Hi,
I’m looking for some advice on my problem, I’m basically out of ideas as to how to get around this.
Problem description
Each block is running on data independent data chunks. When the #active_blocks / SM > 1 and problem size is big enough errors start being introduced into the output. See for example my log file:
My test card was a GTS250 running on recently downloaded drivers.
I initally suspected this was due to mistakes in syncing which usually causes these kinds of errors that appear and disappear. But after having tested with #blocks == #SMs i didnt see the error anymore which lead me to to start thinking that there was something happening when there were more than one active block.
Fix
For example make the blocks unnecessarily big (large smem usage) so that only one block fits on each SM at a time. Thus i can run with 1000s of blocks but each SM is only allowed to process one thread block at a time. This guarantees a 100% success rate, but it gives me over 30% performance penalty since it obviously becomes harder to hide the off-chip latencies.
Basic kernel description
Below I’ve extrapolated what i think are the interesting parts of my code. The main feature / curse is that the kernel uses a large amount of registers but this shouldn’t introduce random errors because of the context switching being done when there are 2 active blocks.
void main (args)
{
float* in;
float* out;
.........
myKernel<0><<<grid,block>>>(in, out); // do 10 iterations
myKernel<10><<<grid,block>>>(out, out); // do another 10, notice that we pick up were the last kernel wrote its data.

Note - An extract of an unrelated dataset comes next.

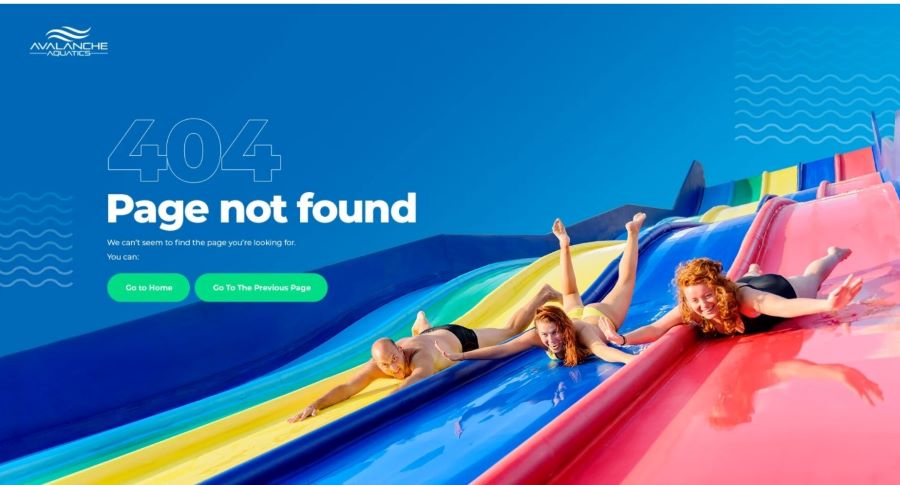 作為404頁面示例之一的Avalanche Aquatics 404頁面屏幕截圖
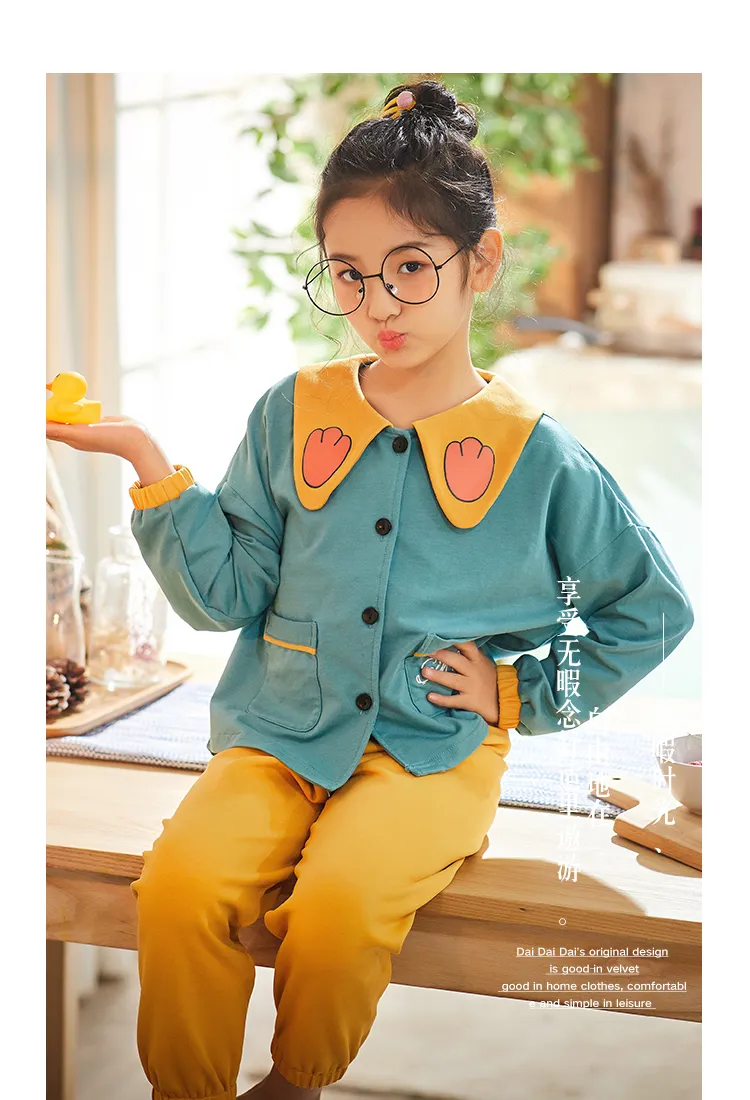 2903# Girls' Pure Cotton Cardigan Pajama Set, Long Sleeve Long Pants, Loungewear for Big Kids · Wholesale · OEM · Worldwide Shipping - Detail 6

myKernel<20><<<grid,block>>>(out, out);
myKernel<30><<<grid,block>>>(out, out);
.........
}
...............
const int some_constant = ....;
/*
* myKernel - Reads data onto on-chip memory, performs a few iterations, writes the answer back to global memory.
*
*
*/
template<int iteration>
_global__ void myKernel(float* in, float* out)
{
// Store data in on-chip registers
float reg_vals[some_constant];
// read data
#pragma unroll
for(int k = 0; k < some_constant; k++)
{
reg_vals[k] = in[blockIdx.x*blockSize + threadIdx.x + k*blockWidth];
}
// Do, for example 10 iterations, on-chip, use 'iteration' to keep track...
....
.....
// Write back to global
#pragma unroll
for(int k = 0; k < some_constant; k++)
{
out[blockIdx.x*blockSize + threadIdx.x + k*blockWidth] = reg_val[k];
}
}
That should be a decent problem description. My hope is that someone will recognize the issue and tell me what I haven’t thought of. Otherwise i will have to produce a repro case…
Thank you for your time!